Following the coronation of Charles VII, Joan speaks with Dunois, the king, and the archbishop, within the cathedral at Rheims. It becomes apparent that despite her success she is an isolated and vulnerable figure.

The setting is the cathedral at Rheims, immediately following the coronation of King Charles. Joan, dressed beautifully but still in masculine fashion, is praying. An organ is playing. As the music fades, Dunois appears, and tells Joan to desist praying as the people in the streets are calling for her. She has no desire to share the limelight with the king, and speaks of the fear she experiences before a battle, and boredom once the action has passed.

Dunois warns her that she has offended the powerful and the ambitious, and should expect them to seek revenge. She tells him, ‘the world is too wicked for me’ (pg 102). Only the saintly voices sustain her. She hears them in the sound of church bells. Dunois considers her excessively fanciful.

The king appears, accompanied by Bluebeard and La Hire. Joan conceals herself behind a pillar. The king’s remarks show him still to be a weak character; he has failed to take on the dignity of kingship along with its trappings. Joan emerges. She feels discouraged by Charles’ inappropriate attitude and demeanor, and declares her intention to return to her father’s farm. It is evident that she is not wanted at the Court, despite her role in crowning the Dauphin. He is clearly unsettled by her.

She then speaks, with apparent prescience, of her death. Dunois says that from recent experience he has learnt to take war seriously, and he is confident that he will drive the English from France. Joan wants to capture Paris before she departs, to ensure the king has his capital city.
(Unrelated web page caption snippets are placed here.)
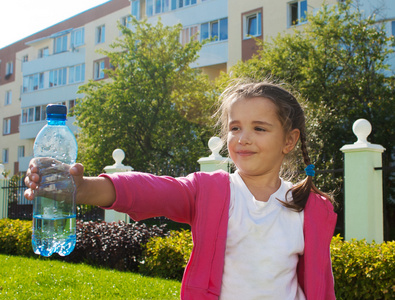 提供用水的塑料瓶的女孩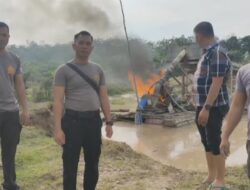 Tertibkan PETI di Desa Gunung Kesiangan, Kapolsek Benai Polres Kuansing Terjun Langsung Ke TKP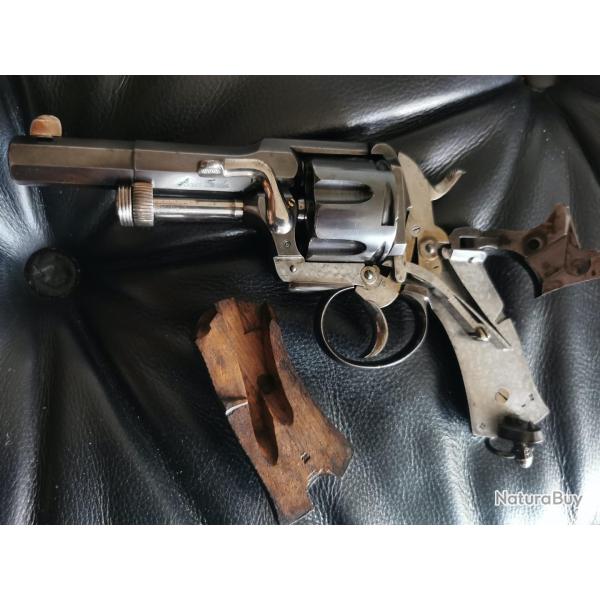Superbe r�volver Fagnus Maquaire en calibre 11mm73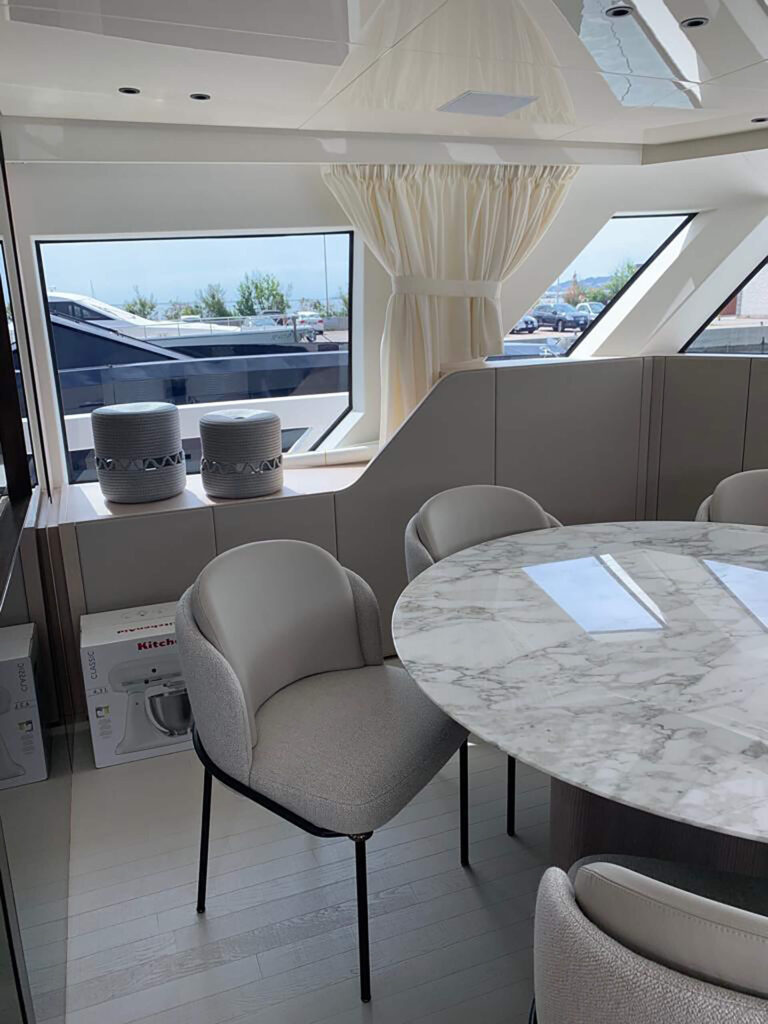 Dine In Galley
The prospect of further conflict horrifies the timid Charles.

The archbishop enters. He chastises Joan for not showing proper respect to the king and his Court. He accuses her of ‘the sin of pride’ (pg 106). Dunois advises that although she has had God on her side, and continuance of God’s support. He argues that the time has come for them to assume responsibility for their own work. He points to his own contribution as a general engaged in practical necessities, rather than a worker of miracles. But Joan counters that with the advent of gunpowder his conception of warfare is outmoded. She suggests that the men should be less obsessed with her perceived pride and more concerned with the truth she conveys.

Dunois cautions that Joan never counts the cost of her adventures, adding that ‘she thinks she has God in her pocket’ (pg 109). Her recklessness will lead to capture, with a prize of 16 thousand pounds for her mercenary captor. When the mystique that surrounds her miracles is punctured, she will lose her following amongst the French troops. Charles says he will have no money to pay a ransom, and the archbishop announces, to her evident horror, that Joan, once captured, will be denounced a witch.
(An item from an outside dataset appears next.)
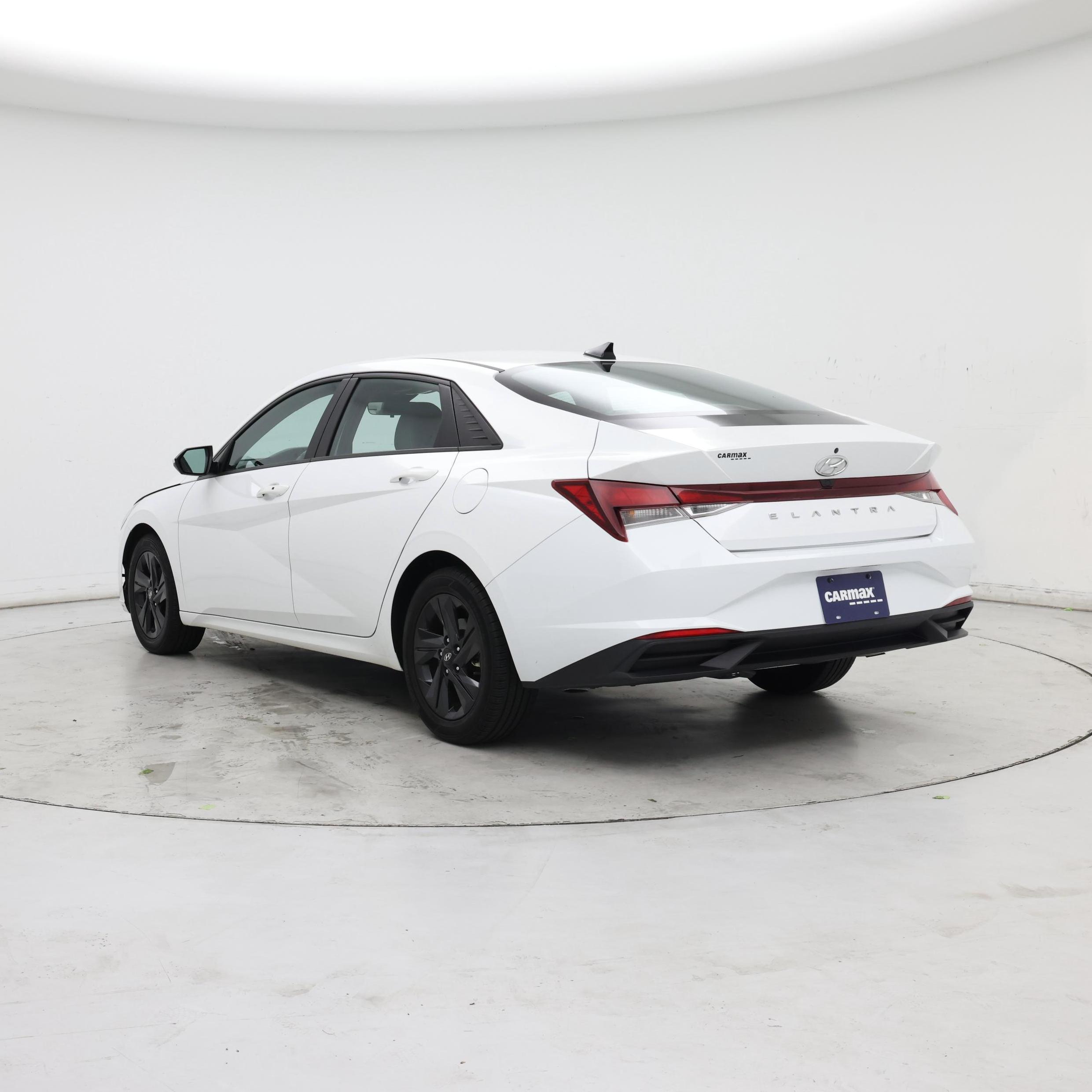 Thumbnail: 2023 Hyundai Elantra - 2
Joan is forced to realize that she is effectively alone in the world of human affairs, but she sustains faith in her heavenly friends and advisers. She concludes that ‘the loneliness of God is His strength’ (pg 112), and vows to draw strength from him until she meets her death. She departs, leaving the men impressed by her ‘dangerous power’, yet fearing the worst for her (pg 113).

Tuesday, March 11, 2008

Key notes in Scene 4

Following the conversational scene between Joan and Dunois, we now have a longer analysis of events between the Earl of Warwick, Chaplain de Stogumber and the Bishop of Beauvais. In this scene, the only one from which Joan is absent throughout, George Bernard Shaw makes explicit some of the major issues addressed in SAINT JOAN, notably the Maid’s foreshadowing of Protestantism in religion, and nationalism in politics.
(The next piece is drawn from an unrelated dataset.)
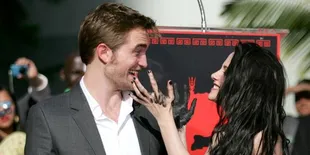 Ibu Kristen Stewart Ingin Robsten Bersatu Lagi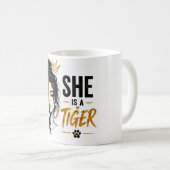 Sie Ist Ein Tiger Becher Kaffeetasse (VorderseiteRechts)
Feudal fellowship allows the French bishop to enter the English camp and be warmly welcomed by the Earl of Warwick. The nobleman is keen to preserve the distinction between feudal territories such as Burgundy, Brittany, Picardy and Gascony, and deplores the notion of being classified as French or English: ‘If this cant of serving their country once takes hold of them, goodbye to the authority of their feudal lords, and goodbye to the authority of the Church’ (pg 87)

Warwick is more willing to give credence to the power of Dunois, as a fellow Christian pilgrim to the Holy Land, than to that of a woman he prefers to regard as a ‘village sorceress’ (pg 87). The feudal system and the Catholic Church both had international orientation, they were both very powerful so to speak.


Warwick’s family name is de Beauchamp, a clear reminder of the Norman dominance in English society since the conquest in 1066. A distant relative of the noble.

George Bernard Shaw holds names in reserve during the first part of the scene, foregrounding the men as types, in their opposition to Joan: nobleman and churchman. The introduction of proper names, all French in origin, cuts across the lines of demarcation anticipated by a modern audience, and shows just how radical Joan’s incipient Protestant nationalism was. In that light, de Stogumber’s crude patriotism appears decidedly ironic. He is especially vehement in his support for burning, and that intensity prepares us for the dramatic reversal he undergoes in Scene 6, after witnessing the execution. He is the opposition of Joan in that he seems entirely to lack imagination.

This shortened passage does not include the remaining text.